There is no doubt in my mind that his reaction would have been one of contempt; the same contempt he felt for the ideology that caused forty years of pain and misery for Spain and for the Lower Basque Country.  That doesn’t mean that he held the people in contempt, but rather the ideas, because he was a man raised in a deeply Christian humanism.  That’s what set him apart from the fascists: they saw their enemies as subhuman, with no value as people, only worthy of a shot in the back of the head and a common grave on the roadside, or in a forest clearing.  These people are still with us, though unarmed, but they still attack with their words, insulting and mudslinging the memory of many good men, to sully the ideology and feelings that these people defended with such extreme dignity.

He would have looked at them, with those deep, gray eyes, and given those claims all the value they had: none.  Then, he would have moved on.  Yes, he was guilty of all of this: of being Basque, a democrat, an abertzale, a gudari, an anti-fascits, and a BNP/PNV member.  Of being a Nationalist-Separatist.

Guilty, like thousands and thousands of Basques who gave it all: their lives, their homes, their future, their freedom, only for the chance to not be, even if by omission, allies with the traitors, perjurers, vile, murderous, fascist oppressors, who imposed their dictatorship at gunpoint, a dictatorship which still survives in the sewers of Spain, because it was never fully gotten rid of.

Now, today, in these days when we have to see the lies in the headlines of the Spanish radical media, who see everyone who doesn’t believe in the sacrosanct unity of the Spain they defend as enemies to be beaten, we still have what is most important: their memory, and their example.

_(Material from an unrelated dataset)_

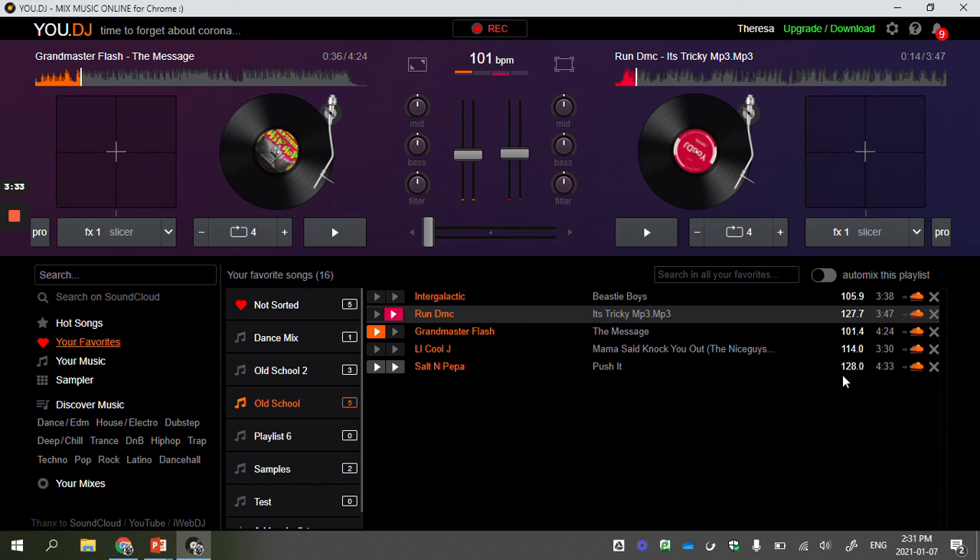Generally you want to make sure that the BPMs on the two songs you're mixing are relatively close. What's neat about this program is that it automatically syncs BPMs for you. If I slide my crossfader right in the middle, you can see it's changing Grandmaster Flash to 128 beats per minute. If I play both songs, it's actually speeding up Grandmaster Flash to 128 BPM. Whenever you make something faster it changes the pitch, making all the sounds higher.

At my aitite‘s funeral, on leaving the church, a lady who lives near my parents came up to my mom, downcast and a bit scandalized.  She looked at her, serious and sad, and said, “How shameful of that priest, to say your father was in jail in public!”  She brought this up because the priest, who had been a good father of my aitite‘s, had detailed his exemplary commitment to Freedom, to the Basque Country, and to the Working Class.  My mom, with a look of pride like I’d rarely seen in her, responded, “Yes, he was in jail, and that’s one of the things we’re most proud of.”

That’s why, in these days of lies and cowardice, we are lucky enough to be able to remember them, my aitite and the tens of thousands of Basques, who gave up being workers, farmers, teachers, office workers, businessmen, lawyers, engineers, and students, to turn into defenders of Freedom, Democracy, and the Cause of the Basque People.